Exercise directions: Spot each line in the records below where the word "Size" occurs, then copy it.

Recorded data:
━━━━━━━━━━━━━━━━
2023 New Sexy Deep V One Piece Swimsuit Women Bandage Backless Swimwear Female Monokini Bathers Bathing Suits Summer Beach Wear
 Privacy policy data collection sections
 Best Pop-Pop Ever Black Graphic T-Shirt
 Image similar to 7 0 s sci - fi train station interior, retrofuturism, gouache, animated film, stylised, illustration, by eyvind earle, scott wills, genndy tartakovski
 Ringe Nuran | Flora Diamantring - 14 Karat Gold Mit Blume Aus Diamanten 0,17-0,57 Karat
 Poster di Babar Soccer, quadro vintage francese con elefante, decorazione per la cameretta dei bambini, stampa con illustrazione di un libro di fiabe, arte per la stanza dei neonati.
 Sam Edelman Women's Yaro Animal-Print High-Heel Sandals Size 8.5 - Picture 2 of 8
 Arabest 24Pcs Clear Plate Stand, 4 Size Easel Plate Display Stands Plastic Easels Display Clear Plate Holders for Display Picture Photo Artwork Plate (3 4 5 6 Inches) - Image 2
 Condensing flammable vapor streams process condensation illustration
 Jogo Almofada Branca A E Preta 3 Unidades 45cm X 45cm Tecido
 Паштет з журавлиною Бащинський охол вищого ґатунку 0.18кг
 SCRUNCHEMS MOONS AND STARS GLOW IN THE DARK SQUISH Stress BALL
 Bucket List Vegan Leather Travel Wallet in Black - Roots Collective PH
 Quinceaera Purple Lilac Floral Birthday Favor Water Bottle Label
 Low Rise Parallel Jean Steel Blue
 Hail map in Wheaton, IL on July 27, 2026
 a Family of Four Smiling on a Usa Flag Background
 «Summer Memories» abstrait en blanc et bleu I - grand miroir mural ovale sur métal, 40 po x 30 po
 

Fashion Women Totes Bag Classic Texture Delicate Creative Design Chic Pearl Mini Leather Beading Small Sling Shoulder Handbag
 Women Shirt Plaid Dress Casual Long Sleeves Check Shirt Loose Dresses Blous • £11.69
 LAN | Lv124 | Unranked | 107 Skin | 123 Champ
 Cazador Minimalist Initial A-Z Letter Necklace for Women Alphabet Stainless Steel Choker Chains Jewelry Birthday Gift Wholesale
━━━━━━━━━━━━━━━━
Task solution:
 Sam Edelman Women's Yaro Animal-Print High-Heel Sandals Size 8.5 - Picture 2 of 8
 Arabest 24Pcs Clear Plate Stand, 4 Size Easel Plate Display Stands Plastic Easels Display Clear Plate Holders for Display Picture Photo Artwork Plate (3 4 5 6 Inches) - Image 2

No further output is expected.